Starting at the line containing "Macbook Pro M1" and ending at the line containing "Battle Angel Alita chapter 17 - page 48", transcribe the listing below exactly. Keep both end lines, skip the pictures, and copy nothing else.

(Beginning of Information given)

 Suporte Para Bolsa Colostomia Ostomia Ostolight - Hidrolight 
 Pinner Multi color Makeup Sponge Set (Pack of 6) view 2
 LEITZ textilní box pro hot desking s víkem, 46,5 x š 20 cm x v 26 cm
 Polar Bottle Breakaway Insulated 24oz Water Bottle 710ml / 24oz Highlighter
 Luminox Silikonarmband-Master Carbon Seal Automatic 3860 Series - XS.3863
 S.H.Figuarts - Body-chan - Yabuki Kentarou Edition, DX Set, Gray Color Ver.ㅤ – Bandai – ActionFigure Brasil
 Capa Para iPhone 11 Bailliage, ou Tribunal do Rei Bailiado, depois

(End of Information given)
(Beginning of Information given)

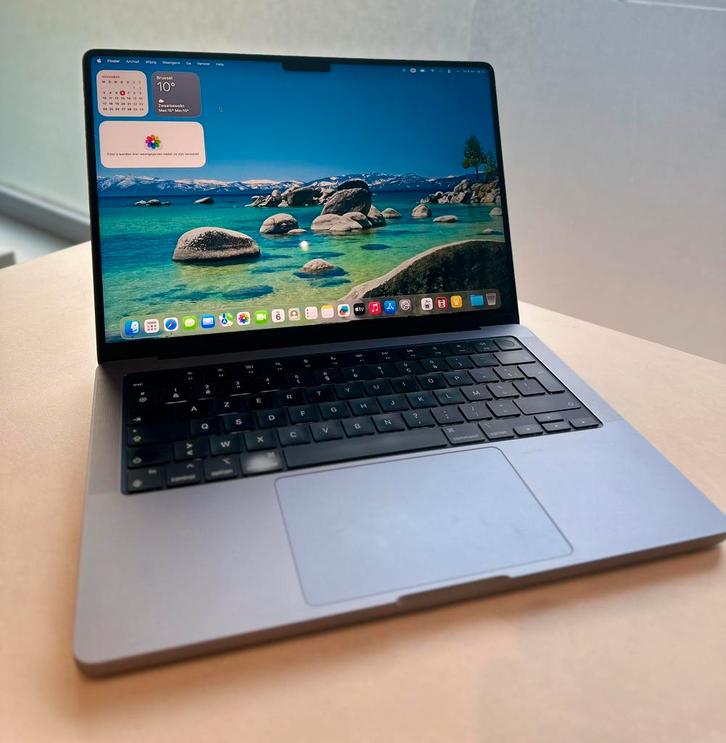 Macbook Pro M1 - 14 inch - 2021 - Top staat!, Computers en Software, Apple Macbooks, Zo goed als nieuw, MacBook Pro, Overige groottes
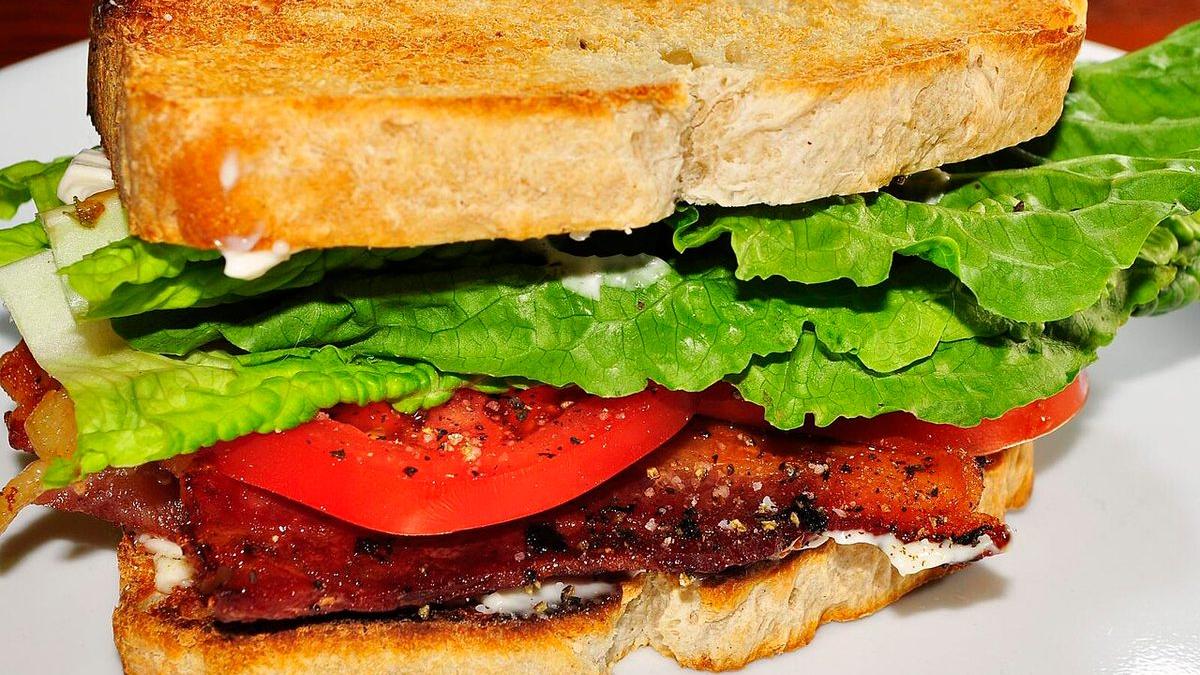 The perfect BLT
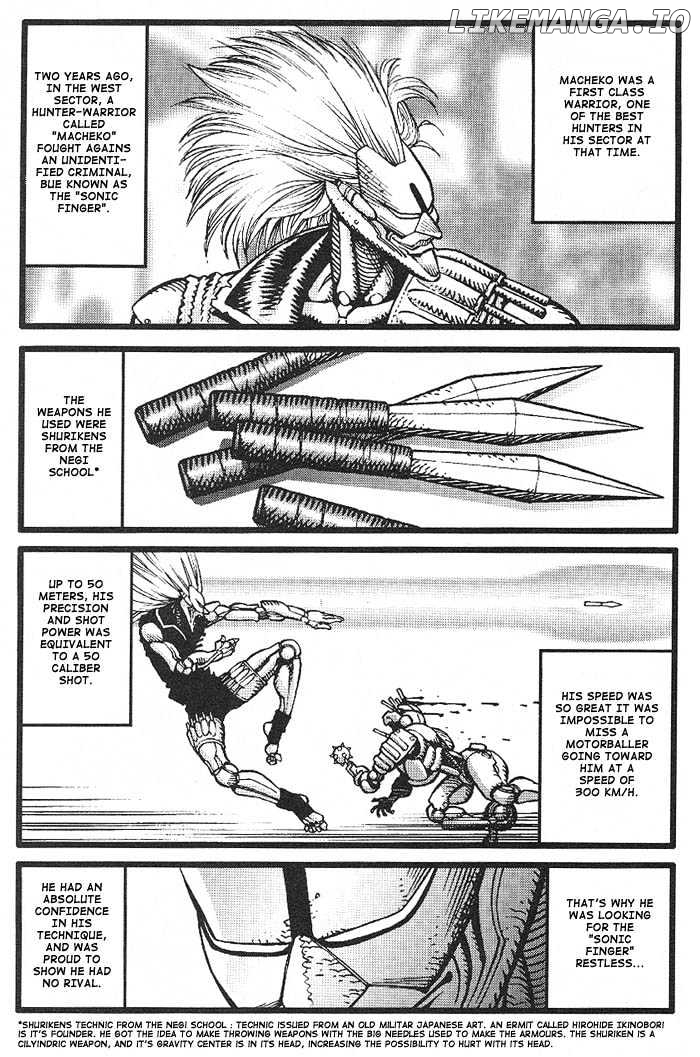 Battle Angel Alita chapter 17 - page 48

(End of Information given)

Answer:
 Macbook Pro M1 - 14 inch - 2021 - Top staat!, Computers en Software, Apple Macbooks, Zo goed als nieuw, MacBook Pro, Overige groottes
 The perfect BLT
 Battle Angel Alita chapter 17 - page 48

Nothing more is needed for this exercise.